Could someone please review this patch?

-- 
Best regards,
Ridong
Re: [PATCH v3] sched/core: Skip user_cpus_ptr masking if no online CPU left
Posted by Michal Koutný 2 months, 2 weeks ago
On Fri, Jul 18, 2025 at 12:48:56PM -0400, Waiman Long <longman@redhat.com> wrote:
> Chen Ridong reported that cpuset could report a kernel warning for a task
> due to set_cpus_allowed_ptr() returning failure in the corner case that:
> 
> 1) the task used sched_setaffinity(2) to set its CPU affinity mask to
>    be the same as the cpuset.cpus of its cpuset,
> 2) all the CPUs assigned to that cpuset were taken offline, and
> 3) cpuset v1 is in use and the task had to be migrated to the top cpuset.

Does this make sense for cpuset v2 (or no cpuset at all for that matter)?
I'm asking whether this mask modification could only be extracted into
cpuset-v1.c (like cgroup_tranfer_tasks() or a new function)

Thanks,
Michal
Re: [PATCH v3] sched/core: Skip user_cpus_ptr masking if no online CPU left
Posted by Waiman Long 2 months, 2 weeks ago
On 7/21/25 11:13 AM, Michal Koutný wrote:
> On Fri, Jul 18, 2025 at 12:48:56PM -0400, Waiman Long <longman@redhat.com> wrote:
>> Chen Ridong reported that cpuset could report a kernel warning for a task
>> due to set_cpus_allowed_ptr() returning failure in the corner case that:
>>
>> 1) the task used sched_setaffinity(2) to set its CPU affinity mask to
>>     be the same as the cpuset.cpus of its cpuset,
>> 2) all the CPUs assigned to that cpuset were taken offline, and
>> 3) cpuset v1 is in use and the task had to be migrated to the top cpuset.
> Does this make sense for cpuset v2 (or no cpuset at all for that matter)?
> I'm asking whether this mask modification could only be extracted into
> cpuset-v1.c (like cgroup_tranfer_tasks() or a new function)
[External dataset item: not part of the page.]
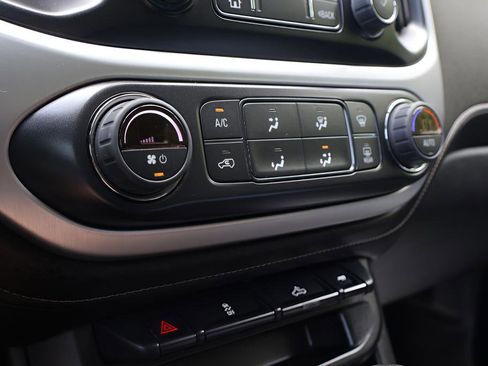 Used 2022 GMC Canyon Elevation AWD/4WD image 22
This corner case as specified in Chen Ridong's patch only happens with a 
cpuset v1 environment, but it is still the case that the default cpu 
affinity of the root cgroup (with or without CONFIG_CGROUPS) will 
include offline CPUs, if present. So it still make senses to skip the 
sched_setaffinity() setting if there is no online CPU left, though it 
will be much harder to have such a condition without using cpuset v1.

Cheers,
Longman

Re: [PATCH v3] sched/core: Skip user_cpus_ptr masking if no online CPU left
Posted by Michal Koutný 1 month, 1 week ago
Hi.

I had a look after a while (thanks for reminders Ridong).

On Mon, Jul 21, 2025 at 11:28:15AM -0400, Waiman Long <llong@redhat.com> wrote:
> This corner case as specified in Chen Ridong's patch only happens with a
> cpuset v1 environment, but it is still the case that the default cpu
> affinity of the root cgroup (with or without CONFIG_CGROUPS) will include
> offline CPUs, if present.

IIUC, the generic sched_setaffinity(2) is ready for that, simply
returning an EINVAL.

> So it still make senses to skip the sched_setaffinity() setting if
> there is no online CPU left, though it will be much harder to have
> such a condition without using cpuset v1.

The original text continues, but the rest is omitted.